The few paladins who remained tried to fight hard and fast, but the Dark Lord moved around them with ease. He made it seem as if the inquisitors had trained for nothing.
Worse yet, when they finally landed a few hits, the Dark Lord shrugged them off.
Only small cuts and welts appeared on his muscular form, and even those injuries were quick to disappear, leaving no lasting impression.
His vitality must’ve been enormous! No. Monstrous!
The Dark Lord repaid each glancing hit they landed with slaughter.
Brother Julian had his guts ripped out until he was thoroughly eviscerated.
Brother Gaspard had his skull crushed between two gauntlet-clad hands.
Brother Tristan threw his life away for a desperate blitz. Now he was nothing but ragged flesh after being drained of all his blood and innards by a hungry tube attached to the Dark Lord’s monster kilt.
Now only High Brother Mason remained.
His squad hadn’t lasted a minute.
“Oh, yeah, that’s that good stuff.” The Dark Lord chuckled. “I think Hannah might’ve gone a little too far with the shock therapy. But at least it gave you a sense of hope. That made you tastier for Para, honestly, and more fun for me. So it all worked out. Now for the dessert, oh High Brother.”
High Brother Mason dropped his trusty hammer. He fell to his knees. He placed one fist over his heart. He clasped the other hand over his fist.
He began the last prayer he would ever commit in this lesser life.

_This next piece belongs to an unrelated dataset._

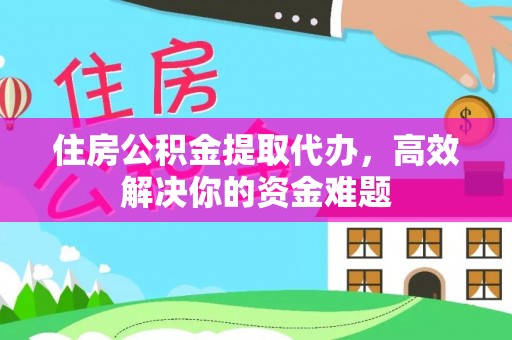 保山住房公积金提取代办，高效解决你的资金难题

He ignored the flashing memories of his family’s death to goblins. He ignored his brothers’ and sisters’ fresh and bloody deaths to the Dark Lord.
In the end, they all knew their deaths were unavoidable. All that mattered was the symbols and texts engraved into their backs. Their flesh served as the canvas where the heavens would commit their great work.

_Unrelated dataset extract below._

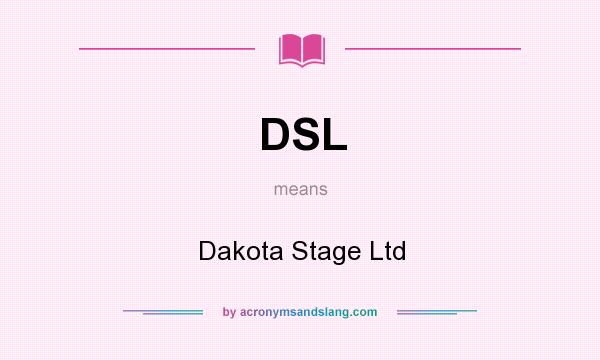 What does DSL mean? It stands for Dakota Stage Ltd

He was prepared for the Dark Lord to interrupt him, too. It wouldn’t be ideal, but the miracle for striking down such wicked evil would not allow for half measures while among the living or the dead.
Strangely, the Dark Lord seemed to hold back and let Mason pray.
By the time he neared the last lines, the corpses of his brothers and sisters glowed with palpable white and gold divine energy. The divine light pushed away the red hues, yellow warning lights, deep shadows, and bloody horrors covering the room.
The divine energy even forced the Dark Lord to take a few stumbling steps back.
“Oh Good Gods, oh heavenly spirits of the righteous alignment, I give the life and flesh of myself and my brothers and sisters to serve your purpose!” High Brother Mason shouted, knowing that he wasn’t just sacrificing the dead.
He was also sacrificing the others who were still alive down here. They all shared the same sacrificial symbols and scriptures on their backs.
They were all pieces of the canvas, tools for the heavens to achieve their great work. Thus, High Brother Mason was fulfilling his duty as a leader of his chapter.
“Hear my cry! For I give unto you everything, oh my Good Gods, my kings and queens of the heavens! If what I give isn’t enough, take from the Brothers of Original Good everything you need! And if that isn’t enough, take from the Stalwart Paladin Kingdom everything you need! And if that isn’t enough, every soul of good will place down their lives. Then evil shall be vanquished!”
High Brother Mason felt light. His connection to this mortal world was slipping away. His focus was fading gradually.
He couldn’t see the bodies of his brothers and sisters anymore. They were all white and gold sparks, pieces of light that made up the cosmic canvas of the heavens.
The High Brother, once a son of shepherds, smiled as he said his last words.
“Let evil hear what all men and monsters must fear, Arch Cherub Metatron, the Welcoming Voice of Good!”
High Brother Mason slipped from the mortal coils of his former flesh and whisked away to somewhere else as white and gold sparks. But while on his way out of this life, he heard something that placed a shadow on this glorious moment.
“Sweet, I get to kill my first angel,” said the Dark Lord. “I wonder how Gilbert would react once I tell him.”